Yesterday saw an initial rise in the Nikkei index, early in the morning of the 6th and this led us to believe that we would see more increases in the European and US markets. This was in fact what occurred as the US markets saw a very dramatic rise in prices. The Us stock indices all headed higher by more than 2% each as the Dow finished up 2.37% to 12414, the S&P closed 2.3% higher to 1315, and the Nasdaq flew up to 2844 after rising 2.4%.
Binary options traders should take serious control of their trading here as markets are showing signs of creating a trend. The S&P actually marked its largest single day gain since December and after the index finished 6% down in the month of May, this rise was a welcome sign. However, we are wondering whether we can really call this a fresh new trend and are considering a number of factors. The fact that the Asian markets are seemingly leading the charge here is not really entirely true. It’s not a chicken or the egg story here either though. The facts are broken down into 3 categories of economic events:
- The European debt crisis is still the major player as the Greeks and Spanish are in the forefront of the entire process here
- The Chinese manufacturing weakness seems to still be a major force, but focus has turned away to other matters. Still, any bad news from China will pull down Asian and Australian markets which will pull down all the rest.
- The US jobs market is still very important but after a positive review of the economy by the US Federal Reserve in the “Beige Book” the pressure seems to be off the US to “prove” itself and focus will likely return to the other 2 issues in this list
As such, the focus seems to be entirely on the Europeans and they are shifting from good guys to bad guys from day to day. Yesterday they were surely the good guys as the markets were happy to see positive headway into averting a Spanish collapse. A bailout seems inevitable, but if done on the right terms and in the right way, it won’t be a repeat of the Greek debacle.
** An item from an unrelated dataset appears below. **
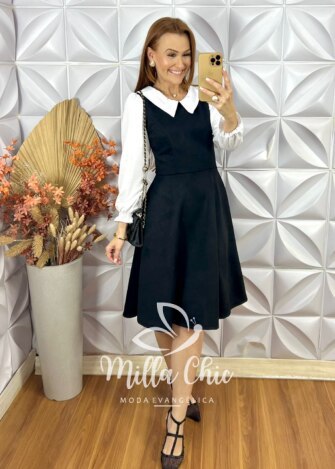 Milla Chic - millachic com br vestido ana laura em suedi preto 1 Vestido Ana Laura Em Suedi - Preto - Milla Chic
On the other hand, the Spaniards have a rough day ahead of them which could mean serious trouble to the markets. They are aligning a debt sale of a couple billion euros worth of 3 bonds. If this goes according to plan, we expect markets to remain stable with an inclination to a rise. Especially as the Nikkei just finished its trading day up over 1%. It look like the ground work for an uptrend is in pace. Let’s just hope those pesky bond buyers don’t muck it up for the rest of us.